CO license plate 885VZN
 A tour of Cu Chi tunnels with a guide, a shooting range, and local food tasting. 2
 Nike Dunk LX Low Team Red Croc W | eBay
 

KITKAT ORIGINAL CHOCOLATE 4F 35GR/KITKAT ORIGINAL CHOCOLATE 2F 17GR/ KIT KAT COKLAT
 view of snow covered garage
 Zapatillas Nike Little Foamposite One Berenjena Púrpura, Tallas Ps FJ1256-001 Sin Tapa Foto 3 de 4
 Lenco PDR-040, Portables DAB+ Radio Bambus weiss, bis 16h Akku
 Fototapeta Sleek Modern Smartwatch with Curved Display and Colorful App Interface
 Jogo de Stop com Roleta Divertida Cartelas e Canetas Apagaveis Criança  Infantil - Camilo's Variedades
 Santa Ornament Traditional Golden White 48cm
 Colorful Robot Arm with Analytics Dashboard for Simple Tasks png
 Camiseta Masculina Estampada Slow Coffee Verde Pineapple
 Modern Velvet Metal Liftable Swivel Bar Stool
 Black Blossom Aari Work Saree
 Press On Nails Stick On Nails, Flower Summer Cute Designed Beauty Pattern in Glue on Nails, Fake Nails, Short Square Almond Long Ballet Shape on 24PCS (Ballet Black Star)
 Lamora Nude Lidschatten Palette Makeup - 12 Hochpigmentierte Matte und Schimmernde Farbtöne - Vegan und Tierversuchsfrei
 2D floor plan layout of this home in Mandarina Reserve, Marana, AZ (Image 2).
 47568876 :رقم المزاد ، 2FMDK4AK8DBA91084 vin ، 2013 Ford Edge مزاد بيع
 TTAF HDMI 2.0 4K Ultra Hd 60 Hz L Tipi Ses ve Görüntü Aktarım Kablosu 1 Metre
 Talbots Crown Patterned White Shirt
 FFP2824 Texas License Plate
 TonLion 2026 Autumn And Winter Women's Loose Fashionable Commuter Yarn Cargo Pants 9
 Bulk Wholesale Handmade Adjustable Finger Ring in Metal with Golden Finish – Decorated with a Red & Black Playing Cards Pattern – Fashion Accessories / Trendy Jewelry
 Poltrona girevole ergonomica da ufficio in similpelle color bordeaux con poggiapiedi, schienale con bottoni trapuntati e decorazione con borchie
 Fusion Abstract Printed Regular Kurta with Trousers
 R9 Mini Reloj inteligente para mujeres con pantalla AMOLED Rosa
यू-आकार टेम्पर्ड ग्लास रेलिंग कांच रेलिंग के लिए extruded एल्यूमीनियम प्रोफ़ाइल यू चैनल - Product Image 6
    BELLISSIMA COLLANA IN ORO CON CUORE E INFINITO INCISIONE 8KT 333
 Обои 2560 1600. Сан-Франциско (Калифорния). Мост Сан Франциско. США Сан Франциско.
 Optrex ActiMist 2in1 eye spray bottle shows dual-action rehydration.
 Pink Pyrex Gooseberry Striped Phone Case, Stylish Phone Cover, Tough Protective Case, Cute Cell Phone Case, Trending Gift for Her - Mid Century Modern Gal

○ ○ ○ ○ ○ ○ ○

▶ **WHAT YOU WILL DO**
Go line by line through the data above and count those holding "Golden"; report the number alone.

▶ **SOLUTION TO THE EXERCISE**
2